Bürgerwehren in Neuss sorgen für kritische Stimmen der Politik

Neuss · Düsseldorf hat eine, Köln hat eine, Neuss hat eine und jetzt ist es in Allerheiligen auch schon so weit: Bürgerwehren verbreiten sich aktuell rasend in den sozialen Netzwerken. Die Vorfälle in der Silvesternacht haben ein Gefühl der Unsicherheit zurückgelassen.

 In der Gruppe „Neusser zum Schutz Neusser“ diskutieren die Mitglieder darüber, wie mehr Sicherheit im Alltag gewährleistet werden kann.

In der Gruppe „Neusser zum Schutz Neusser“ diskutieren die Mitglieder darüber, wie mehr Sicherheit im Alltag gewährleistet werden kann.

Dagegen wollen viele Bürger vorgehen — und ernten dabei die Kritik der Politikvertreter.

In der Facebookgruppe "Neusser zum Schutz Neusser" diskutieren bereits über 200 Mitglieder wie die Bürger besser geschützt werden können — und das, obwohl die Gruppe gerade einmal eine Woche alt ist. Auch der Allerheiligener Zusammenschluss zählt inzwischen 50 Mitglieder.
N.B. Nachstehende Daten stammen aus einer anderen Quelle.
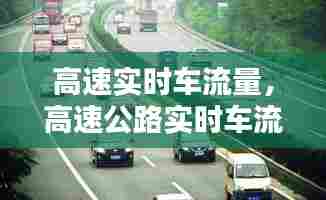高速实时车流量，高速公路实时车流量 
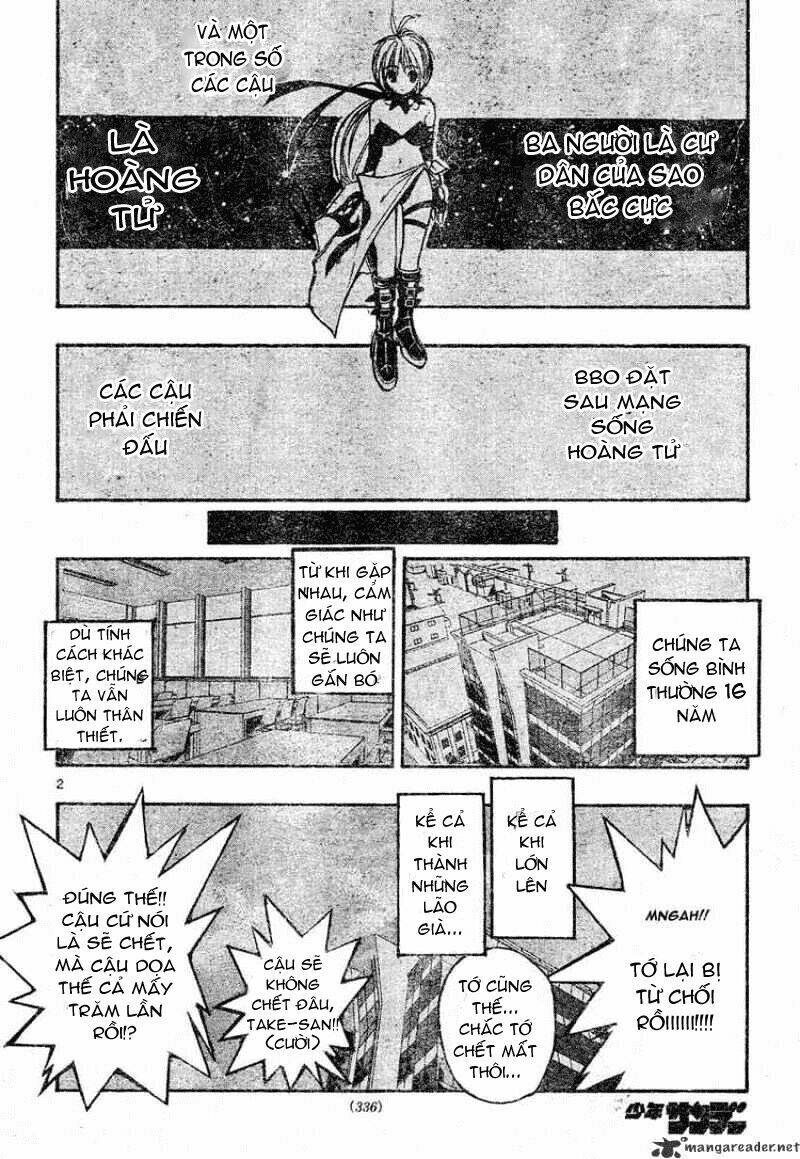 mixim12 chapter 68 3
Die Unsicherheit nach den Vorfällen in der Kölner Silvesternacht ist gewachsen. Mehrere hundert Frauen waren offenbar von Nordafrikanern sexuell belästigt, teilweise sogar vergewaltigt worden. Ein Fall, der viele Menschen mit rechtsradikaler Gesinnung in die Facebookgruppe lockte. Gründer Christoph Dohmen stellte bereits einen Tag nach Gruppengründung klar: "Es wird niemand diskreditiert! Egal welche Religion, welche sexuelle Orientierung oder sozialen Stand er hat. Ich will hier keine rechtsradikalen Parolen lesen. Wer sich nicht an die Regeln hält, fliegt in hohem Bogen."

Auch in Allerheiligen, wo am Donnerstag die ersten 101 Flüchtlinge untergebracht wurden, entstand in Facebook eine ähnliche Gruppierung. "Für den Fall, dass sich hier einige Ängste bewahrheiten, wollen wir aufpassen, statt wegzusehen", heißt es in der Beschreibung.

Die Politik sieht solche Initiativen derweil überaus kritisch.

"Solche abscheulichen Verbrechen dürfen nicht wieder passieren", erklärt Reiner Geroneit (CDU), Kreistagsabgeordneter aus Neuss und Vorsitzender des Polizeibeirats im Rhein-Kreis Neuss. "Für die Sicherheit im Rhein-Kreis Neuss ist die Kreispolizeibehörde unter Leitung von Landrat Hans-Jürgen Petrauschke zuständig. Unsere Polizisten im Rhein-Kreis Neuss sind hoch motiviert, leisten sehr gute Arbeit und sind rund um die Uhr in der Lage, für Recht und Ordnung zu sorgen. Dafür möchte ich den Beamten — auch im Namen des Polizeibeirats — ganz herzlich danken."

 Reiner Geroneit (CDU).

Reiner Geroneit (CDU).

Foto: CDU

In der Stadt Neuss wird in diesen Tagen die Gründung einer Bürgerwehr diskutiert. Geroneit: "Wir brauchen keine Bürgerwehren im Rhein-Kreis Neuss. Selbstjustiz ist nicht nur verboten, sondern auch strafbar. Das Gewaltmonopol liegt bei der Polizei. Alle Bürger sind jedoch dazu aufgerufen, wachsam und aufmerksam zu sein — und bei Auffälligkeiten sofort die Polizei zu informieren."

Aufgabe der rot-grünen Landesregierung sei es nun, die Ereignisse in Köln umfassend aufzuklären, die Täter zu ermitteln und die politischen Konsequenzen aus der Silvesternacht zu ziehen.

Auch Bürgermeister Reiner Breuer verurteilte die Bildung von Bürgerwehren. Auf dem Neujahrsempfang der SPD forderte er mehr Vertrauen gegenüber der Polizei.

Sebastian Rosen zeigt dagegen Verständnis: "Das Problem ist der Begriff der ,Bürgerwehr'. An sich ist es ja nichts schlechtes, aufmerksamer zu sein — genau das ist ja auch der Wunsch der Polizei." Die erste Versammlung der Neusser Gruppe findet Ende Januar statt.